Contrairement aux apparences, l’Afrique donne bien plus qu’elle ne reçoit de l’Occident. Senghor, malgré la fâcheuse et fausse réputation de nègre-toubab que lui collaient ses détracteurs, avait popularisé la thèse appelée « détérioration des termes de l’échange ». A l’époque l’accent était essentiellement mis sur les échanges économiques. L’ancien président ne se doutait pas que la détérioration affecterait les biens culturels. 

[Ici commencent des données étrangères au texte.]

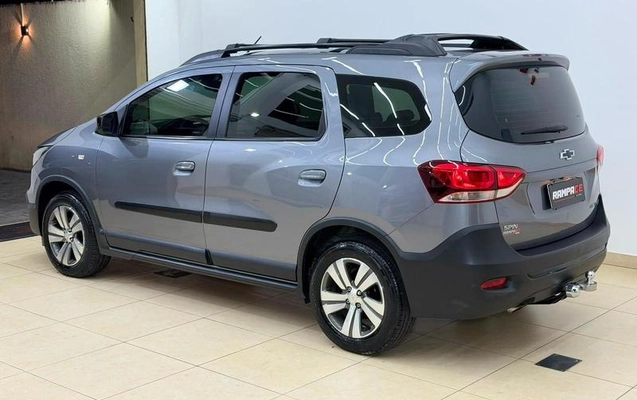 imagem-https://www.socarrao.com.br/sc-vehicle-images-prod/2923926/1786134589691-8329688_5_B_4e0a47d8e6.jpeg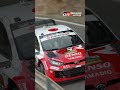 Twist & Shred | WRC Stars Taming the Canarian Canyons
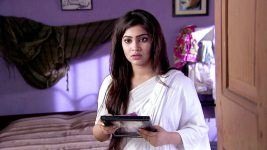 Meera S01E143 28th March 2016 Full Episode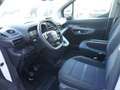 Fiat Doblo Kombi 1.5 100 / 10-Zoll Infotainment Blanc - thumbnail 11
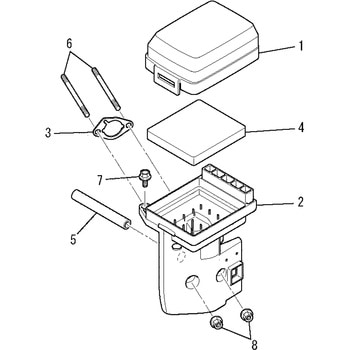 KA01094AB001 N[iP[X OH 72746276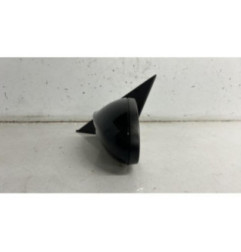 Retroviseur gauche BMW SERIE 1 E87 Photo n°5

Commençons par les arts plastiques. De 1974 à 1985, le Sénégal a organisé, à travers le monde et presque entièrement à ses frais, une exposition itinérante d’ arts contemporains. Pour avoir eu le privilège de l’accompagner en Europe et dans les Amériques, je sais que, de cette tournée, notre pays espérait beaucoup de retombées.  Diplomatiquement, nous avons laissé l’image d’un pays stable où il fait bon vivre. Mais  « l’honneur sans argent… »

La dégradation des termes de l’échange se poursuit dans les rencontres internationales auxquelles nous participons, presque toujours avec nos propres moyens. Quand vient notre tour d’organiser des manifestations semblables, nous payons les étrangers pour qu’ils viennent nous « honorer de leur présence ».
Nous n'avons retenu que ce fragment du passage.